Brief. Write out every entry exactly; the pictures do not belong in the copy.

Entries shown.
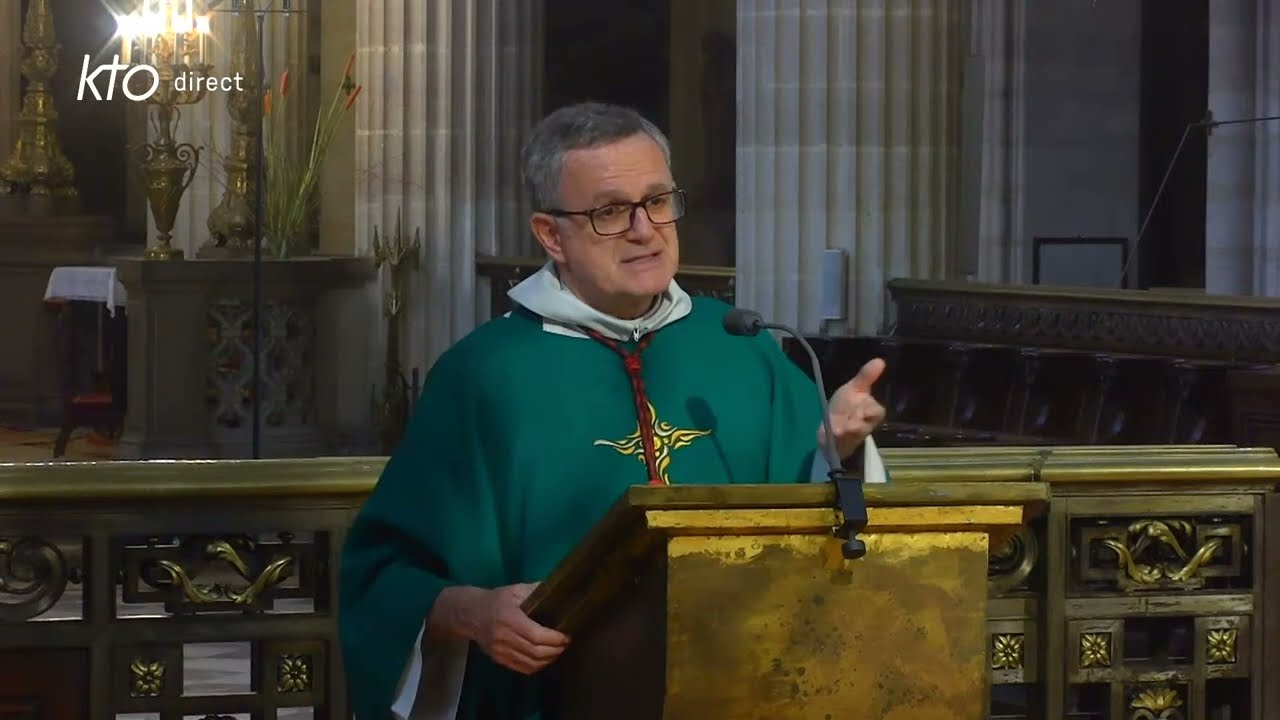 Messe du 19 juin 2024 à Saint-Germain-l'Auxerrois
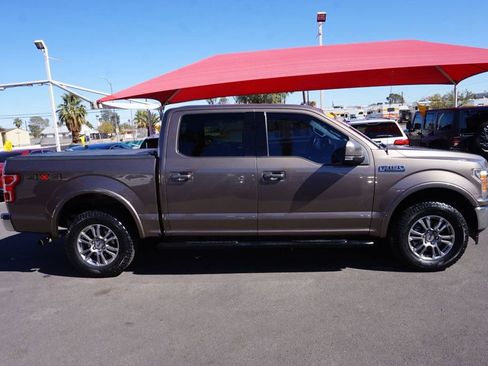 Used 2018 Ford F150 Lariat image 5
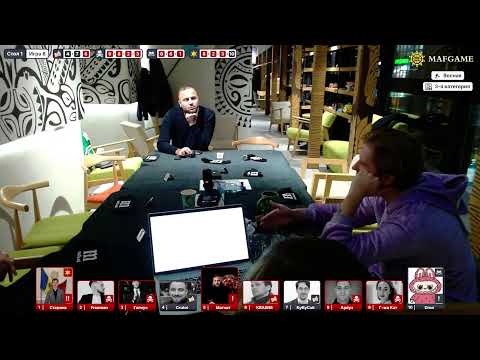 Видео: Мини турнир на 8 игр  18/10/2025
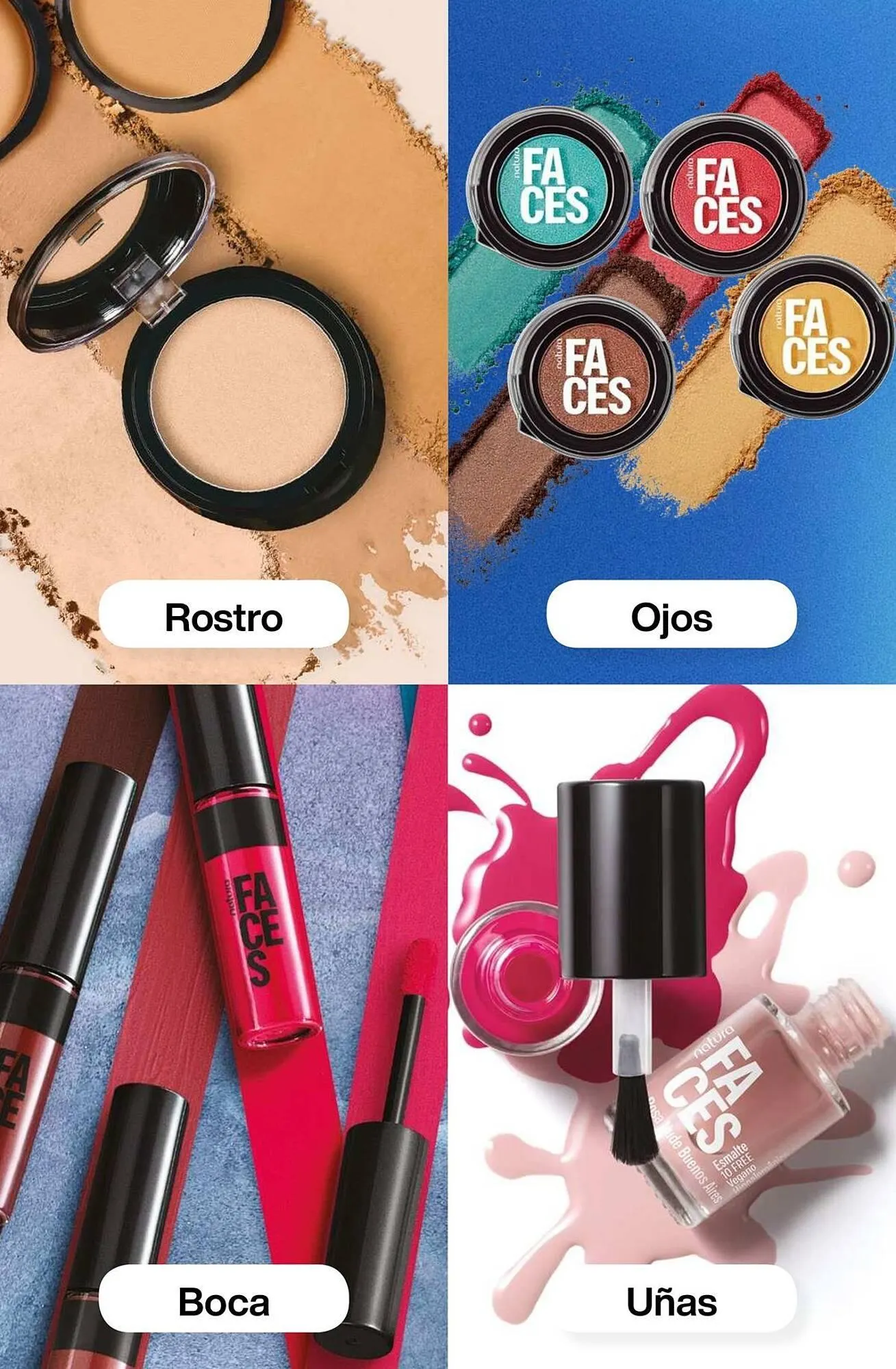 Ofertas de Catálogo Natura 1 de abril al 30 de abril 2025 - Página 128 del catálogo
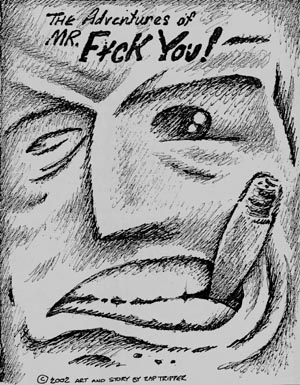 MR FUCK YOU
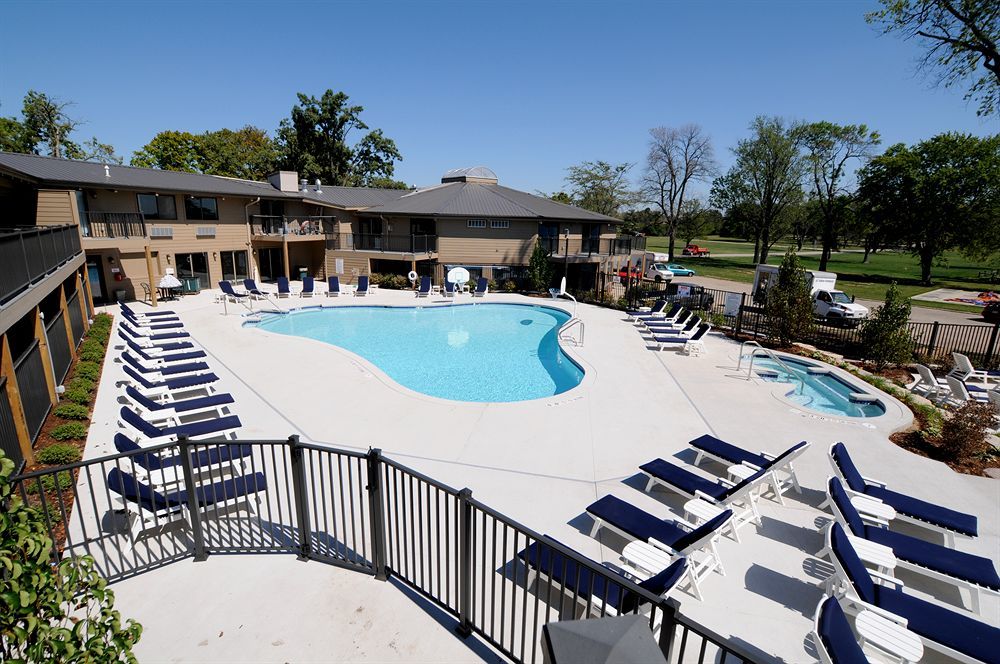 Lake Lawn Resort Delavan Exteriér fotografie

Answer box.
 Messe du 19 juin 2024 à Saint-Germain-l'Auxerrois
 Used 2018 Ford F150 Lariat image 5
 Видео: Мини турнир на 8 игр  18/10/2025
 Ofertas de Catálogo Natura 1 de abril al 30 de abril 2025 - Página 128 del catálogo
 MR FUCK YOU
 Lake Lawn Resort Delavan Exteriér fotografie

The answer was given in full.